**WHAT YOU HAVE TO DO:**
When you write out the records, keep every word exact and drop the pictures.

SUPPLIED DATA: Begin

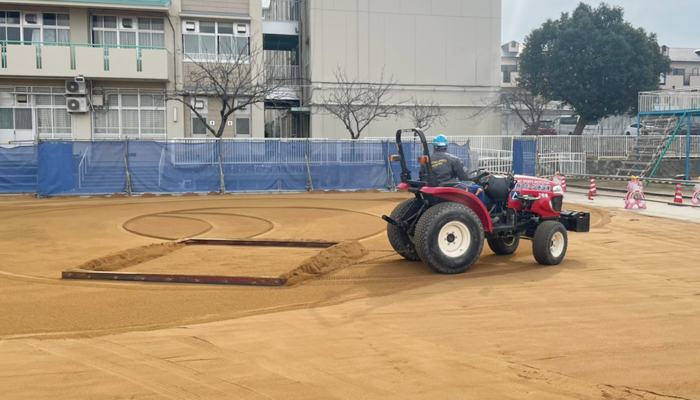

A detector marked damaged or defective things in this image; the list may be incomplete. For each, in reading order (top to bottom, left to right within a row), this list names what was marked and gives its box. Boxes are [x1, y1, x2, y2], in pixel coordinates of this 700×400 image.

rusty metal beam [62, 270, 288, 286]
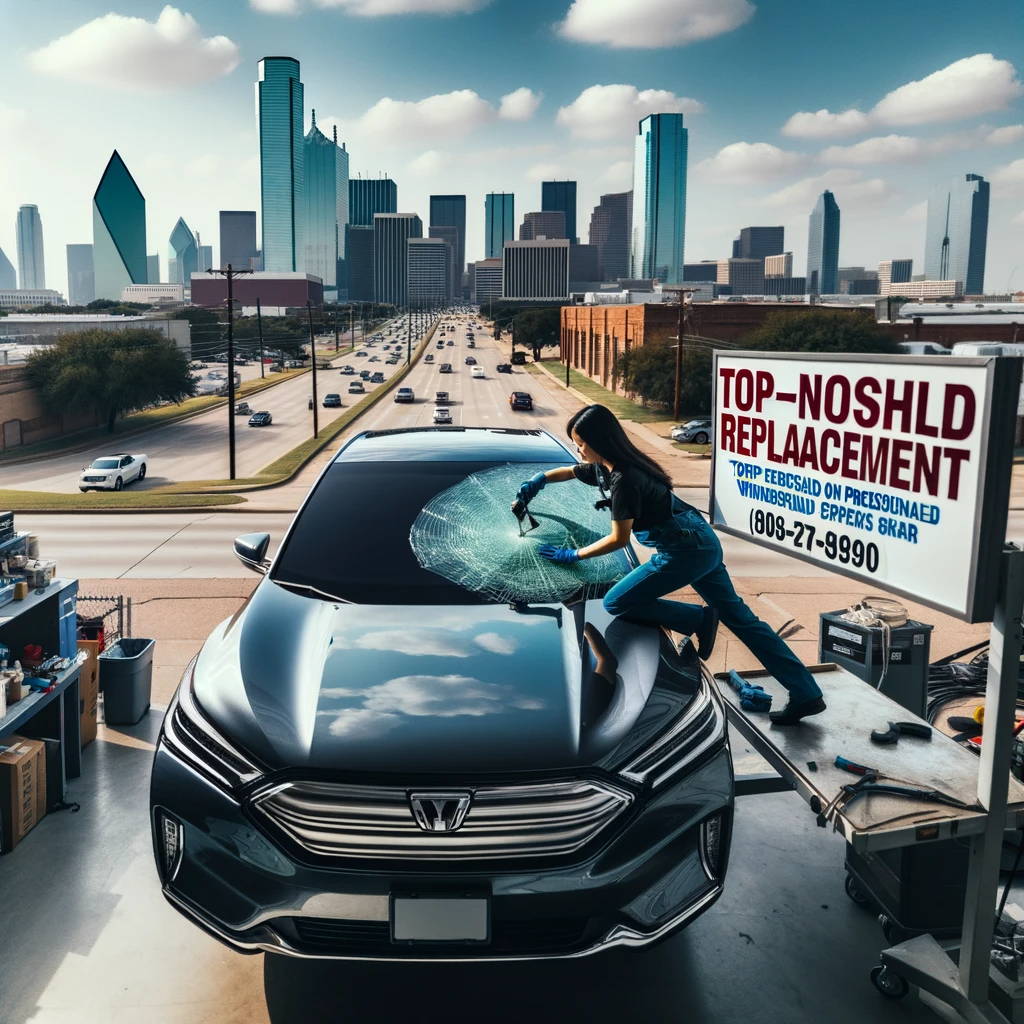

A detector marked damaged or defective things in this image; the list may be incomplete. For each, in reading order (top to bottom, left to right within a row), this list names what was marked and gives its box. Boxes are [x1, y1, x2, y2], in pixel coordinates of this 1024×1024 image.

shattered windshield [268, 460, 628, 604]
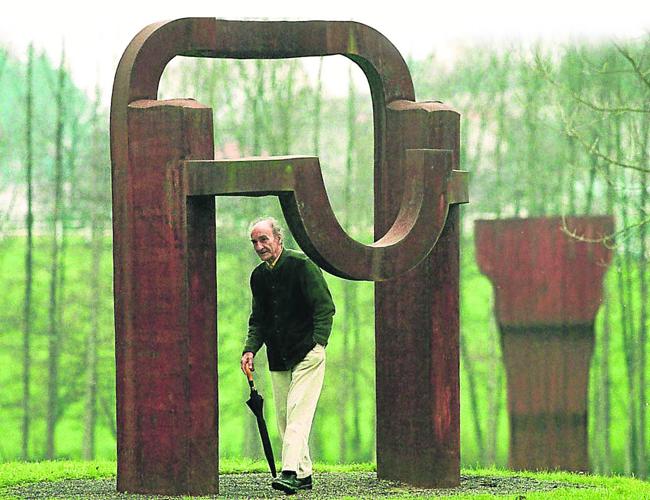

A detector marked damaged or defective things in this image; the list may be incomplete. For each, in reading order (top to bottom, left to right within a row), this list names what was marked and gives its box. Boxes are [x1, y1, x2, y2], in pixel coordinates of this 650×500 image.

SUPPLIED DATA: End

**ANSWER AREA:**
A detector marked damaged or defective things in this image; the list may be incomplete. For each, in reading order (top to bottom, left to right within a row), this list names what was marked and gives its box. Boxes are [x1, y1, x2, y2], in pixel coordinates of this 700×400 image.

rusty metal beam [62, 270, 288, 286]

A detector marked damaged or defective things in this image; the list may be incomplete. For each, in reading order (top to bottom, left to right within a row), this list names what was marked and gives its box. Boxes are [x1, y1, x2, y2], in pixel coordinates of this 1024×1024 image.

shattered windshield [268, 460, 628, 604]

A detector marked damaged or defective things in this image; the list may be incomplete. For each, in reading order (top to bottom, left to right within a row), this list names what was marked and gives its box. Boxes are [x1, y1, x2, y2], in pixel coordinates of this 650×500 image.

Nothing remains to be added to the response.